Afghanistan's much-awaited national peace conference opened Wednesday with nearly 1,500 tribal elders, government officials, and civil society representatives divided on how best to approach the insurgency and convince militants to lay down their arms.
They have three days to reach consensus. At issue is whether there should be talks with the Taliban's leadership and whether the Afghan constitution should be revised to implement more Islamic laws.
President Hamid Karzai opened the three-day conference, known here as a jirga, by reaching out to insurgents. "My dear Taliban, you are welcome in your own soil," he told participants gathered under a massive, air-conditioned tent in the capital. "Do not hurt this country or kill yourselves."
The conference is one the largest gatherings of its kind in Afghanistan since 2001. But many Afghans doubt it will mark a significant step towards peace. Most delegates were handpicked by the Afghan government, leading to concern that the jirga isn't really representative or independent.

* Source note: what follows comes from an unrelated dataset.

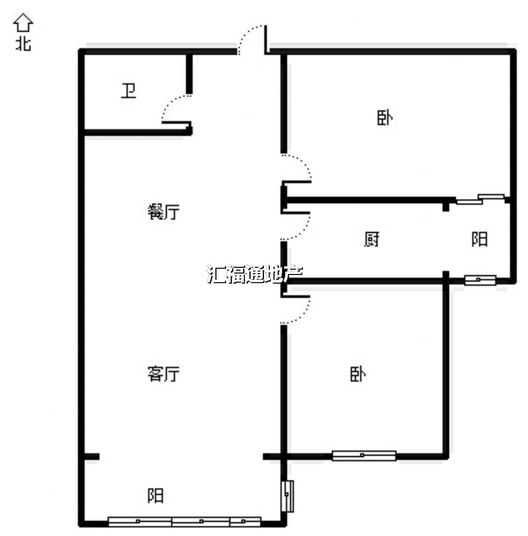 香港豪庭2室2厅1卫户型图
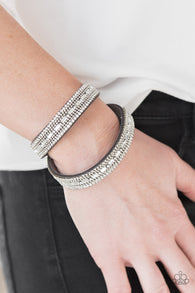 Paparazzi " Shimmer and Sass " Gray LEATHER & Clear Rhinestone Snap Wrap Bracelet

Delegates were divided into 28 working groups, which will spend the next two days attempting to come to a consensus and draft a proposal to the Afghan government. The government is not obligated to implement the jirga's recommendations.

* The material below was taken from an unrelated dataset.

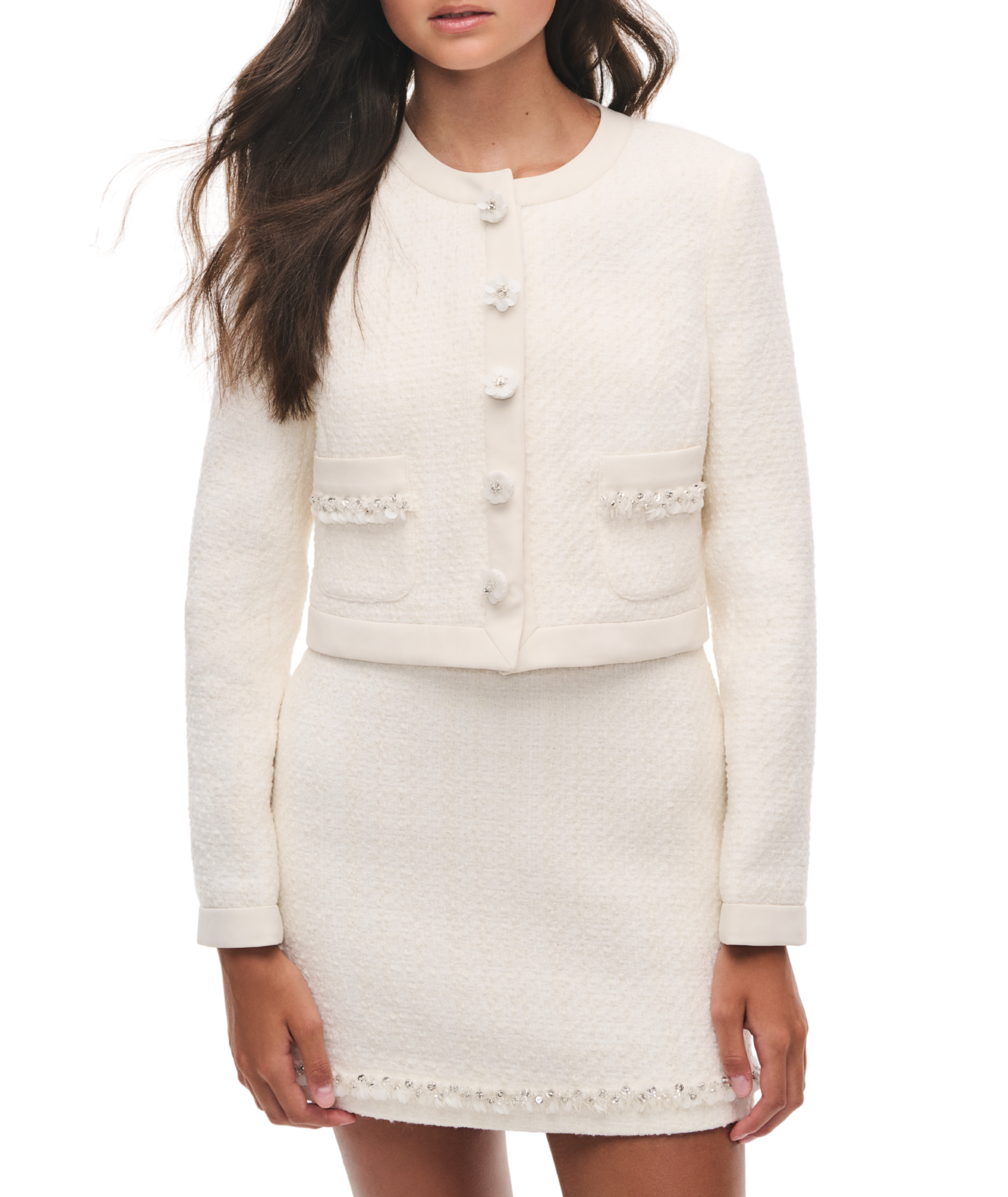 Love Shack Fancy Tween Alphie Jacket Ivory Mist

While Mr. Karzai and other government officials made clear that the nature of the Afghan constitution or the Afghan government was not up for negotiation, some jirga delegates say a revised constitution could help convince insurgents to lay down their arms.
Debate over Islamic laws
"Right now the Taliban are fighting because of the presence of the foreigners, and because some Islamic rules they want are not being applied," says Maulavi Asadullah, a religious cleric from Kunar and jirga delegate. "But if we make some changes and introduce Islamic rules, we may be able to convince some of them."
Such changes may be opposed, however, by civil society and women's groups who worry that their rights could come under threat.
Also at issue is whether the peace strategy should be limited to peeling away rank and file insurgents and mid-level leaders or opening negotiations with the Taliban leadership. "We know this jirga won't solve the whole problem, but hopefully it will be a start," says jirga delegate Gul Alam, a tribal elder from Kunar province. "We have to make sure we don't talk about fundamentalist Taliban and moderate Taliban, we should just figure out a way to address the whole movement."
Other delegates say the believe only the rank and file should be targeted, through reintegration programs and efforts to strengthen Afghan governance. "We need to hasten administrative reforms and the judiciary system needs to be built," says Ismat Baluch, a delegate from Zabul province.
Insurgents reject jirga, but Hizb-i-Islami hints at peace deal
President Karzai's opening remarks came as the Taliban fired a series of rockets near the jirga's grounds. Three suicide bombers attempted to breach the conference's security but police killed two and captured one before they could enter, Afghan officials said. No jirga participants were harmed.
The Taliban, who were not invited to the event, reject its legitimacy. Hizb-i-Islami, another main insurgent faction, also dismissed the meeting because “the participants consist of persons who are state favorites.”
But in a sign that some insurgents may be willing to work with the government, Hizb-i-Islami leader Gulbuddin Hekmatyar told the Monitor in an exclusive e-mail interview that his group has decided to open talks with the Afghan government and is ready for a peace deal.